Os pecados do Haiti
Escrito por Eduardo Galeano
A democracia haitiana nasceu há muito pouco. No seu breve tempo de vida, esta criatura faminta e enferma não recebeu nada, além de bofetadas. Estava ainda recém-nascida, nos dias de festa de 1991, quando foi assassinada pela quartelada do general Raul Cedras. Três anos mais tarde, ressuscitou. Depois de terem colocado e retirado tantos ditadores militares, os Estados Unidos impuseram o presidente Jean-Bertrand Aristide, que havia sido o primeiro governante eleito por voto popular em toda a história do Haiti e que havia tido a louca aspiração de querer um país menos injusto.
O voto e o veto
Para apagar as nódoas da participação norte-americana na ditadura carniceira do general Cedras, os infantes da marinha levaram 160 mil páginas dos arquivos secretos. Aristide regressou acorrentado. Deram-lhe permissão para retomar o governo, mas o proibiram de exercer o poder. Seu sucessor, René Préval, obteve quase 90 por cento dos votos, porém mais poder que Préval tem qualquer burocrata de quarta categoria do Fundo Monetário Internacional ou do Banco Mundial, ainda que o povo haitiano não o tenha sequer eleito com um voto apenas.

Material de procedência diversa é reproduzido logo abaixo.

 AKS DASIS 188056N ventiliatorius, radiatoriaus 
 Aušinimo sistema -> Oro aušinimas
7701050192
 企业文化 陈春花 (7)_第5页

Mais que o voto, pode o veto. Veto às reformas: cada vez que Préval, ou algum de seus ministros, pede créditos internacionais para dar pão aos famintos, instrução aos analfabetos ou terra aos camponeses, não recebe resposta, ou o contradizem ordenando-lhe: "Faça a lição!" E como o governo haitiano nunca aprende que deve desmantelar os poucos serviços públicos que ainda permanecem, últimos pobres amparos para um dos povos mais desamparados do mundo, os professores acabam sempre por reprová-lo.
O álibi demográfico
No final do ano passado, quatro deputados alemães visitaram o Haiti. Assim que chegaram, a miséria do povo os atingiu frontalmente. Então o embaixador da Alemanha lhes explicou, em Porto Príncipe, qual o problema: "Este é um país demasiadamente povoado" disseram. "A mulher haitiana sempre quer e o homem haitiano sempre pode".E riu. Os deputados se calaram.

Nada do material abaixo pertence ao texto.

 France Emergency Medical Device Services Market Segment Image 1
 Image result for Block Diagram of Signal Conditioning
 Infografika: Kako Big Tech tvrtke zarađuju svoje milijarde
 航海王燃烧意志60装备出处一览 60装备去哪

Essa noite, um deles, Winfried Wolf, consultou as cifras. E comprovou que o Haiti é, com El Salvador, o país mais superpovoado das Américas, tanto quanto a Alemanha: tem quase a mesma quantidade de habitantes por quilômetro quadrado. Em sua passagem pelo Haiti, o deputado Wolf não foi atingido apenas pela miséria: também ficou deslumbrado pela capacidade de expressar a beleza por parte dos pintores populares. E chegou à conclusão de que o Haiti está superpovoado… de artistas. Na realidade, o álibi demográfico é mais ou menos recente. Até há alguns anos, as potências ocidentais falaram bem mais claro.